Ella guardó silencio. Después dijo:

—El casquillo. Tienes unos amigos muy interesantes.

—¿Sí?

—¿Alguna vez has oído hablar de un Galil?

—Vagamente.

—Es el fusil de combate israelí, calibre 5.56 milímetros, basado en el AK, difícil de conseguir. Pero el fusil que te disparó es todavía más curioso. Es el fusil de francotirador Galil. El mismo diseño, muy fiable, muy preciso, pero utiliza la munición NATO 7.62.

—¿Qué aspecto tiene?

La extrañeza del fusil no identificado me preocupaba.

—Hay una foto en Internet. Es muy pequeño para un arma de francotirador. La culata plegable. Lo curioso es que el trípode está delante del seguro del gatillo, pero la mira no está encima, sino al lado.

Se encendió la luz.

—Eso es. Es lo que vi.

—Mi fuente dice que es la primera vez en su vida que ha oído del uso de esa arma en Sudáfrica. La pregunta es: ¿qué está haciendo ahí?

—Tengo una fuerte sospecha.

—¿La tienes?

—Es una larga historia. Te la contaré cuando regrese.

—Pareces cansado, Lemmer.

—No soy madrugador.

—Estás mintiendo.

—Estoy bien.

—No te hagas el machote conmigo. Te daré una patada en el culo. —Jeanette Louw. Siempre compasiva.

—¿Macho? ¿Yo? ¿Cuando estoy tan en contacto con mi lado femenino?

Ella no se rio.
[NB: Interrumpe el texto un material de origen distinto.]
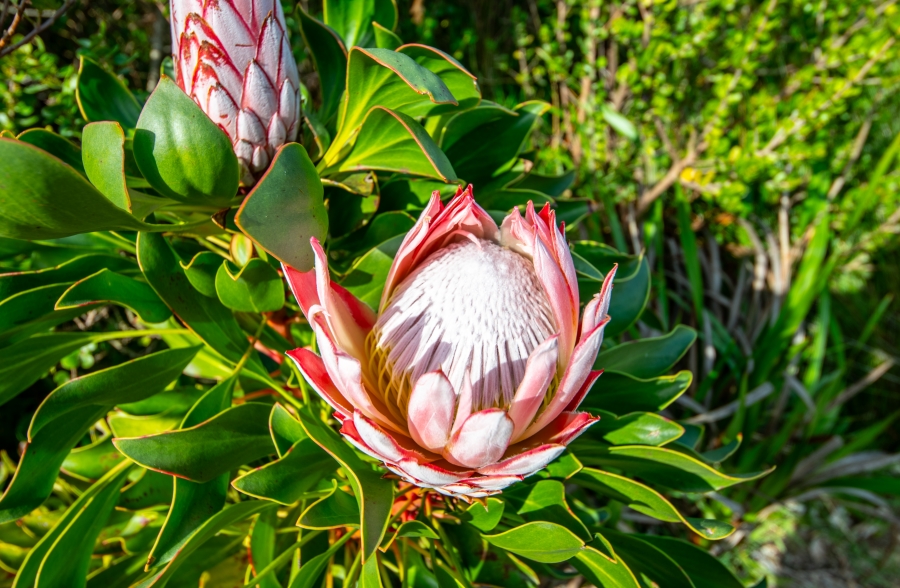 2 Bedroom Property for Sale in Pringle Bay Western Cape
Parecía preocupada cuando dijo:

—Si quieres ayuda, pídemela.

No quería ayuda.

—Lo haré. Lo juro.

—Esa es nueva —afirmó ella.

—Un hábito local. Jeanette, una cosa más. No es urgente. Hay un hombre llamado Stef Moller. Propietario de una reserva ecológica privada en Heuningklip. Cincuenta y tantos, muy rico, pero nadie sabe de dónde viene su dinero. ¿Puedes averiguarlo?

—Stef con «f» o «p-h».

—No tengo ni idea.

Ella suspiró.

—Veré qué puedo hacer.

Antes de ir al aeropuerto, encontré una armería. Había tres en la ciudad, pero solo una abría el 2 de enero. Ofrecía un curioso surtido de equipos de acampada, ropa de hombre y armas.

Los cuchillos de caza estaban en una vitrina de cristal cerca de la caja registradora. El pequeño tipo de detrás del mostrador parecía estar en edad escolar. Quizá fuera a clase. Le señalé el que quería.
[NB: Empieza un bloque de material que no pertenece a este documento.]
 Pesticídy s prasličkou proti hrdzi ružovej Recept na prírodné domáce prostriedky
—Vale setecientos rands —me informó con un tono altivo, como si no pudiese pagarlo.

Asentí.

—¿Cómo lo pagará?

—En efectivo.

Sacó el cuchillo, pero esperó a que le diese el dinero antes de entregármelo.

Fui al aeropuerto.

La joven negra del mostrador de Budget examinó mi carnet dos veces antes de darme las llaves y el contrato. Somos seres tan visuales. Ella, la camarera del Wimpy y el colegial habían visto a un hombre que se había sentado en el suelo a la espera, que había pasado una larga noche peleando, sudando y forcejeando, que se había lavado deprisa y corriendo, y no se había cepillado los dientes.
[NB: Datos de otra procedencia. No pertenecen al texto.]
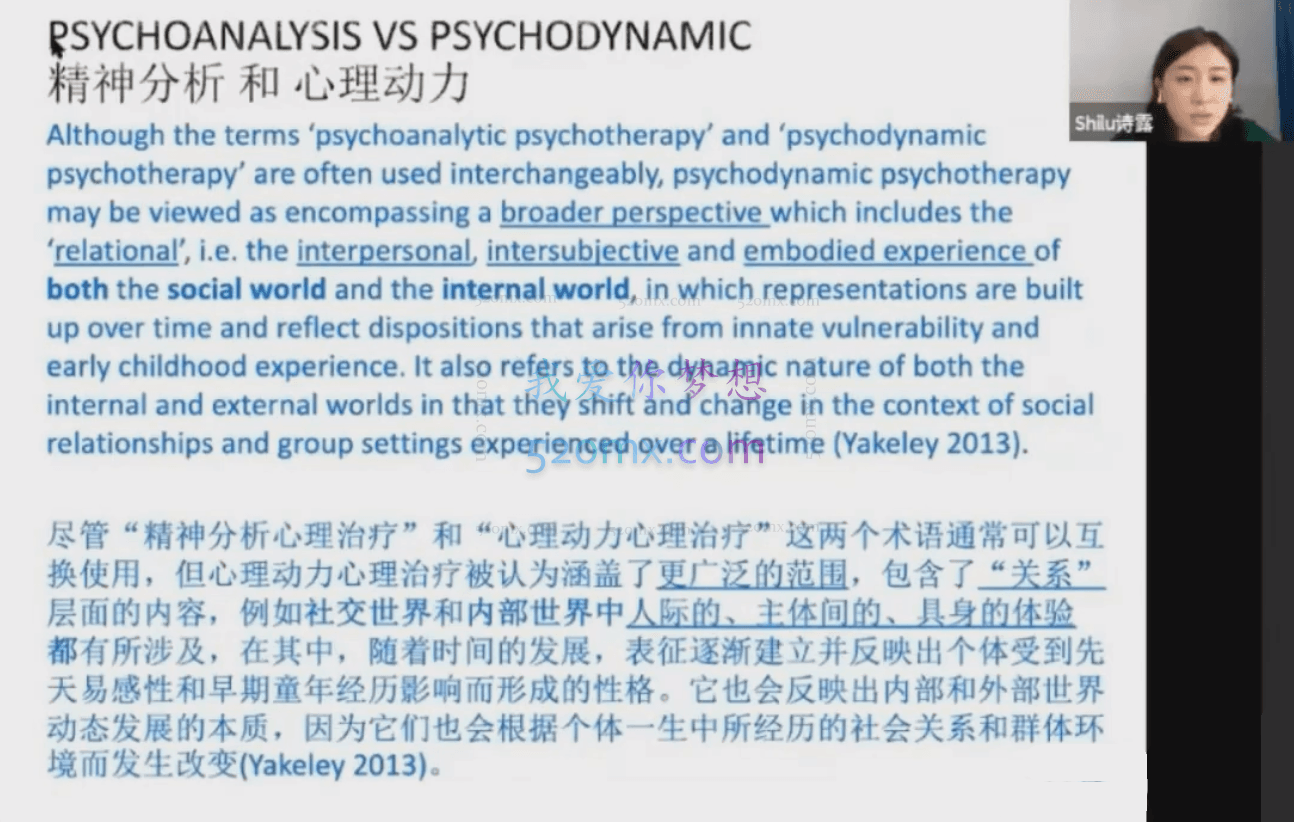 「国合基地」Anne Mckay 短程心理动力治疗理论与技术连续专项培训 8次讲座不含督导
Desprovisto de todo el maquillaje, quizá tuviera mi auténtico aspecto.

—¿Quiere seguro? —preguntó la empleada con un tono de esperanza.

—Sí —respondí.

Ella me dio una camioneta de doble cabina Nissan blanca, con motor diésel de tres litros. Más extravagante de lo que hubiese preferido, pero era funcional y sería mucho menos visible que el Audi.

—¿Tiene un mapa de la zona?

Me trajo uno. Lo comprobé y vi que no me serviría de nada; solo mostraba los caminos de alquitrán de Lowveld.

—Gracias —le dije, y me lo llevé.

Había una pequeña librería en el vestíbulo del aeropuerto. Entré y pedí mapas. Compré uno de los que nunca se pueden doblar una vez desplegados. Al menos mostraba la extensa red de caminos de piedras con una invitación a explorar el Lowveld.

Me senté en la Nissan y consideré mis opciones. Quería llegar a Mariepskop. Pasar el desvío a mi granja, pero vi que era imposible. Solo había una carretera y pasaba por delante de la entrada de Motlasedi.